You’ll see that, by default, an aluminum alloy is already selected. Let’s leave it there along with ABS to see whether using metal will change the designs and how.

Finally, we’re ready to run the study. Or, at least, we should be!

• Click on “Pre-check” so Fusion can verify if all inputs and constraints are properly set up and whether we can move forward with the study.
• If all is well, click “Generate”. (If you’re using the free version, the required amount of credits will be displayed as well as whether you have them available. If you do, go ahead and click “Generate” at the bottom.)

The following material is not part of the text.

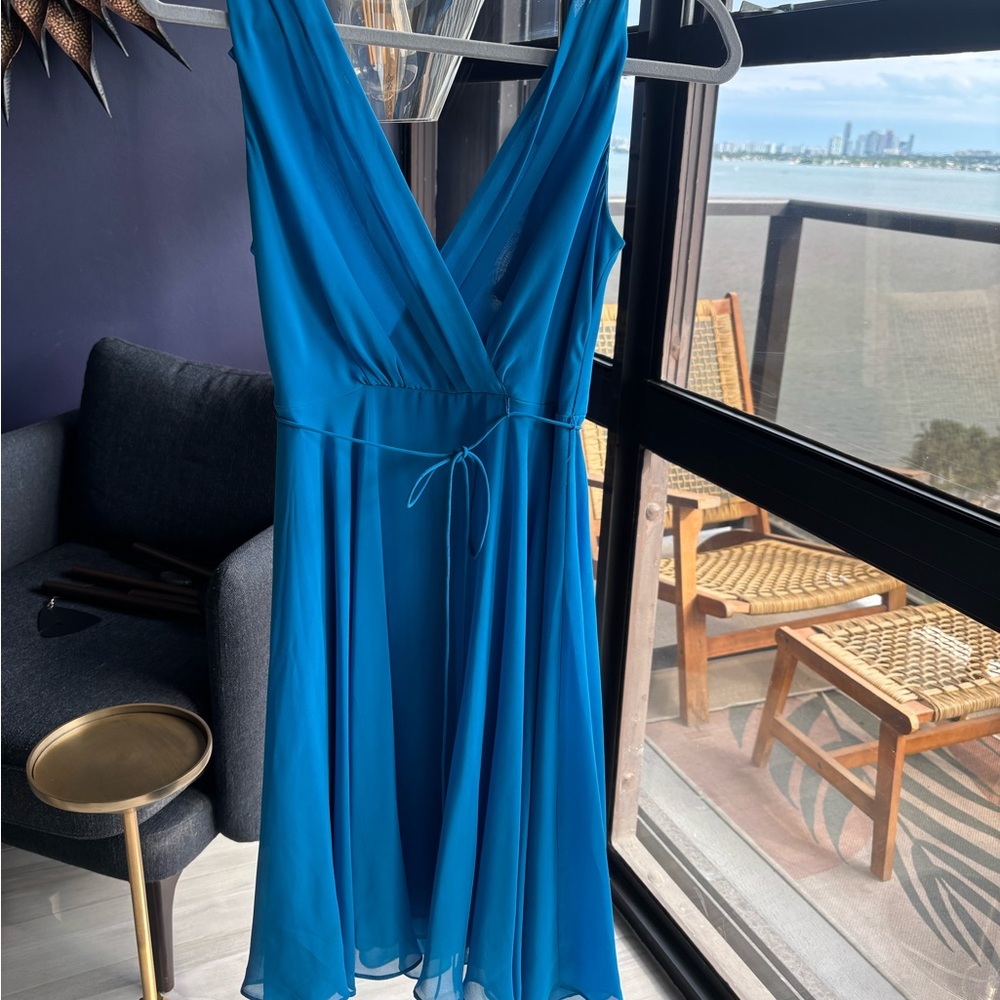 Chic Sleeveless Blue Midi Dress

Now the study will be run and Fusion will start iterating different designs. Since the study is being run in the cloud, you can close the “Job Status” window and even Fusion 360 altogether and it’ll continue to process. We can follow the development by clicking on “Explore”. Note that the study could take up to several hours.

Once finished, we’ll know whether the software has found a design solution that simultaneously works with all the inputs we provided. These are known as converged designs. For our study, there were a total of two converged design solutions: one for ABS and another for aluminum.

The “Explore” environment provides many different tools to compare each design solution and helps the user to make a selection. The panel on the left filters the solutions based on inputs and outputs like manufacturing methods and objectives. While it might not be super helpful in this project, it’s an amazingly useful tool when you’re choosing between hundreds of converged solutions.

• Double-click on any given solution for a closer look. The design selected here is the ABS one, and it does seem suitable for our project.
• You can create a mesh out of this or any other design by clicking on “Create Mesh Design from Outcome” as shown.
• Once it finishes processing, export the mesh as an STL file like any other.

And there you have it! Congratulations on successfully completing a generative design study with Fusion 360!

Now for the fun part: materializing the newly developed design and putting it to test. The wall mount looks very sleek and will definitely be a conversation starter. Installation was pretty easy since we planned ahead and left enough clearance for the screwdriver.

At first, the mount did look fragile, but, once strapped to the wall, it instantly gained rigidity. The whole assembly seems tough enough and the planter fits perfectly. Mission accomplished!